New Development Approach Powers Joomla! 1.6 Release
Joomla! 1.6 Beta 1 was released for download on Monday, marking in important milestone for the PHP-based, open source content management system (CMS). The new version adds features that should ease management of large content stores and complex user groups, as well as provide for better content presentation.
Louis Landry, developer in the Joomla! Production Leadership Team, said Joomla 1.6 addresses four key areas: More capable access control, a hierarchical content category system, simpler site administration and extension updates, and a revamped output that gets away from the tables-centric display of content. There are also numerous smaller feature improvements and fixes underway in the 1.6 beta.
"This is technically our third major release as a project. And I think each one of them sort of focuses on a particular area," Landry said."It appears on the outside as if we targeted the enterprise or targeted a large scale organization. But really what we've done is focus on the pieces that are most painful right now."
Landry said that the access control list (ACL) had emerged as a real pain point, as Joomla!
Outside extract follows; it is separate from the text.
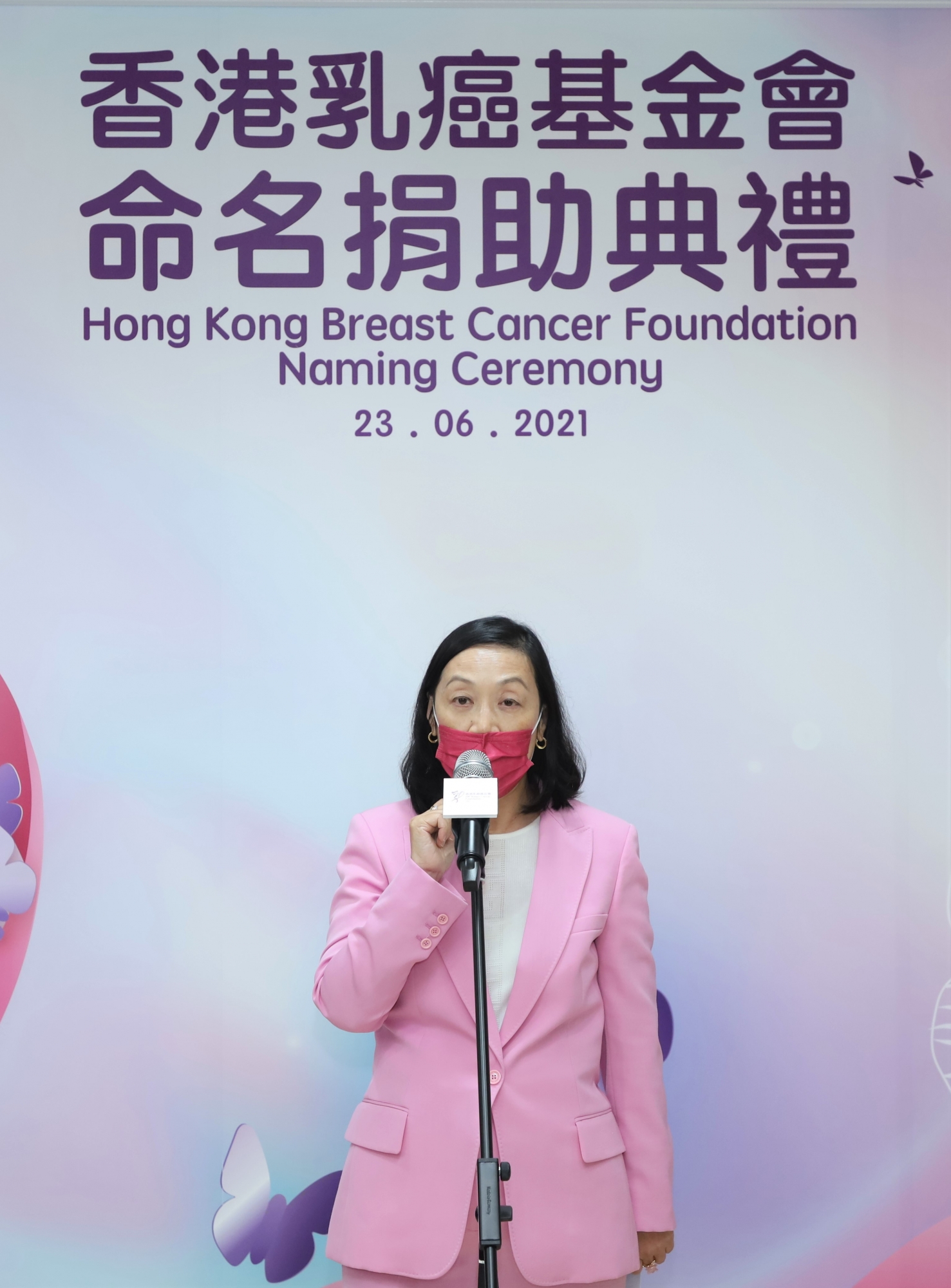 Self Photos / Files - IMG_4503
CMS administrators found themselves checking multiple check boxes to establish permissions. The new, hierarchical system enables users to inherit permissions based on the groups they are part of. Also new is the overhauled content categorization system, which provides for a deeply scalable hierarchy that removes the three-level limit in earlier versions. The features address issues encountered by larger organizations.
"You could probably put a spin of Joomla! growing up thing on it. But I would argue that the Joomla! growing up angle comes from the work we've done on the development process," said Landry
That work includes a new approach to project contributions and updates with version 1.6. Landry said that the lack of discipline in the process sometimes created delays and problems, often because a single feature wasn't ready. With Joomla! 1.6, the development team has committed to a rapid, two-week beta release cycle, and has established ground rules for development.
"We've done it a bunch of different ways in the past. And what it comes to is we need to set dates in the ground and do things a little more structured," said Landry. "Everything in the trunk is always stable. Work is done in branches. And we've set a date where your stuff has to be ready or it goes in the next release."
Landry said the new system doesn't mean dedicated developers can't pursue a dream feature. But he did emphasize that beta releases won't be held up waiting for promised bits. Instead, delayed functionality will simply be rolled into the next beta, two weeks down the road.
Landry also said the Joomla! team hopes to expand the circle of contributors to the project. Interested developers can gain access to source code repositories after signing a contributor agreement, which gives them the ability to write to branched code. Landry said Joomla's "inner circle" of developers will review code and work with developers to assess whether their bits can be introduced to the trunk code.
Ultimately, the goal is to get Joomla! on a six-month release cycle.
"What we've done with the last couple of releases is they were about two years apart, and the world changes," explained Landry. "What we're hoping to do is smaller bites, more often, and keep things moving, consistently."
Michael Desmond is an editor and writer for 1105 Media's Enterprise Computing Group.